W.E. Looks Good but Ends Up Empty
- Friday, February 10, 2012
Toward the end of W.E., Wally and Wallis wonder if there might be “some kind of plan” behind the traumas and personal triumphs they’ve experienced in life. They speculate as to whether they have a destiny. It’s not a Romans 8:28 moment, exactly, but it’s nice to hear them ponder the possibility that some force larger than themselves might be at work in their lives, orchestrating the good things and using even the bad things for good.
Madonna and co-writer Alex Keshishian, who directed Madonna’s 1991 concert documentary Truth or Dare, want us to care deeply about Wally and her situation, but the stakes laid out early in the story are poorly developed. She has a possibly cheating husband who’s interested in anything but her, especially her desire to conceive a child. The narrative is designed to set her free from an abusive marriage, as she draws strength from the story of Wallis. W.E. is also a history lesson for those who don’t already know that story of King Edward VIII and who didn’t see The King’s Speech. While the film looks good—it’s nominated for a Best Costume Design Oscar—it doesn’t have much to say, exhausting its ideas and themes after 30 minutes and then playing out a story that holds few surprises.

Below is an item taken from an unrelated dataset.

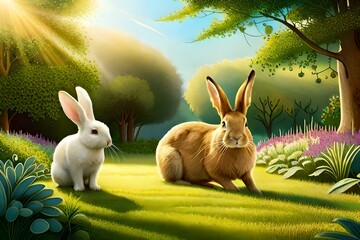 Easter bunny in grass generated AI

Still, movies are moving pictures, and Madonna shows a certain cinematic flair in W.E. It should come as no surprise that the woman at the center of so many iconic music videos should show a knack for cinematic image making. She just needs a quality story to support her visual skill.

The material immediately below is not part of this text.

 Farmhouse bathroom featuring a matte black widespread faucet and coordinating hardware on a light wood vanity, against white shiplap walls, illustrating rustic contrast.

- Language/Profanity: Lord’s name taken in vain; the “f” word; crude reference to female anatomy; “whore”; “camel jockey”; a seductive sexual reference.
- Alcohol/Smoking/Drugs: Drinking throughout the film; several scenes of smoking.

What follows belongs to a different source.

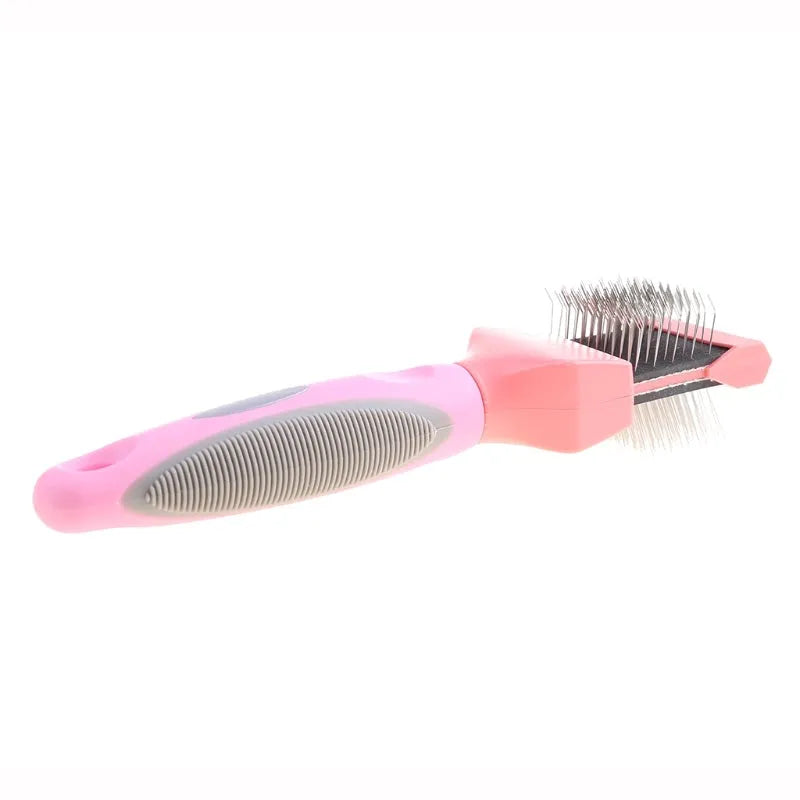 Blue double-sided pet brush with stainless steel pins on a white background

- Sex/Nudity: Kissing; woman unzips her dress, and we see a bra strap across her back; we see the sides of a woman’s breast as she gets into a tub, and later see both breasts when she’s pulled out of the tub during an incident of domestic violence; a reference to a woman’s husband earlier impregnating a girlfriend while in college; a husband and wife lay in bed and kiss; woman in bra and panties; a man pulls a woman’s dress up, revealing her leg and stockings; a man grabs a woman and pushes her down; a married couple begins to make love on a bed, in their underwear; a woman shown in her nightie.
- Violence/Crime: A miscarriage caused by a beating; a woman injects herself with fertilization treatments; vomiting.
- Religion/Morals: Wallis is married to another man when she falls in love with the king, and then divorces her husband to marry the king; a woman pursues in vitro fertilization.